→ **Stored data entries**
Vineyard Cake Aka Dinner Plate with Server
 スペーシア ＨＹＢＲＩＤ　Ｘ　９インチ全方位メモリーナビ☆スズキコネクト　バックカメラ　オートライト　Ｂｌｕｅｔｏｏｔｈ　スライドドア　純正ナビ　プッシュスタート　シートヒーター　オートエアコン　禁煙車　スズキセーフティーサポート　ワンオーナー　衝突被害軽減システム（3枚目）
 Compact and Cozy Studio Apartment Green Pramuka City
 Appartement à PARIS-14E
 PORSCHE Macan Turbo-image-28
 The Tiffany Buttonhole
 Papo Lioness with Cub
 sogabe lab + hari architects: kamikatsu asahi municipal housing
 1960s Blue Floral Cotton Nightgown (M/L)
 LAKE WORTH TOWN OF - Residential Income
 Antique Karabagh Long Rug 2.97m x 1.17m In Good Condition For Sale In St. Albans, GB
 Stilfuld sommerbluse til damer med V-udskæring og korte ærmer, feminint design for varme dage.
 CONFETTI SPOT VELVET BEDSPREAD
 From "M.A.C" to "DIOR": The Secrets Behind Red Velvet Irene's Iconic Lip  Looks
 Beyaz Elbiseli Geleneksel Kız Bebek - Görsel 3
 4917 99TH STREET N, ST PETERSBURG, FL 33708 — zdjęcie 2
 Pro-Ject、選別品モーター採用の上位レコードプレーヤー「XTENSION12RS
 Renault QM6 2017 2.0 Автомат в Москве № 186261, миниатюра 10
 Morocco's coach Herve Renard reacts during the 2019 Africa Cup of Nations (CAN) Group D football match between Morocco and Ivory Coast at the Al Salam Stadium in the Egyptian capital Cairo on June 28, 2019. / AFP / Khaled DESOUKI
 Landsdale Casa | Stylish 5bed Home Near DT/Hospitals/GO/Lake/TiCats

→ **Aim of the task**
What is needed is an exact copy of the entries from their first line down to the line with "The Secrets Behind", that line included, and nothing beyond it.

→ **Reply to the task**
Vineyard Cake Aka Dinner Plate with Server
 スペーシア ＨＹＢＲＩＤ　Ｘ　９インチ全方位メモリーナビ☆スズキコネクト　バックカメラ　オートライト　Ｂｌｕｅｔｏｏｔｈ　スライドドア　純正ナビ　プッシュスタート　シートヒーター　オートエアコン　禁煙車　スズキセーフティーサポート　ワンオーナー　衝突被害軽減システム（3枚目）
 Compact and Cozy Studio Apartment Green Pramuka City
 Appartement à PARIS-14E
 PORSCHE Macan Turbo-image-28
 The Tiffany Buttonhole
 Papo Lioness with Cub
 sogabe lab + hari architects: kamikatsu asahi municipal housing
 1960s Blue Floral Cotton Nightgown (M/L)
 LAKE WORTH TOWN OF - Residential Income
 Antique Karabagh Long Rug 2.97m x 1.17m In Good Condition For Sale In St. Albans, GB
 Stilfuld sommerbluse til damer med V-udskæring og korte ærmer, feminint design for varme dage.
 CONFETTI SPOT VELVET BEDSPREAD
 From "M.A.C" to "DIOR": The Secrets Behind Red Velvet Irene's Iconic Lip  Looks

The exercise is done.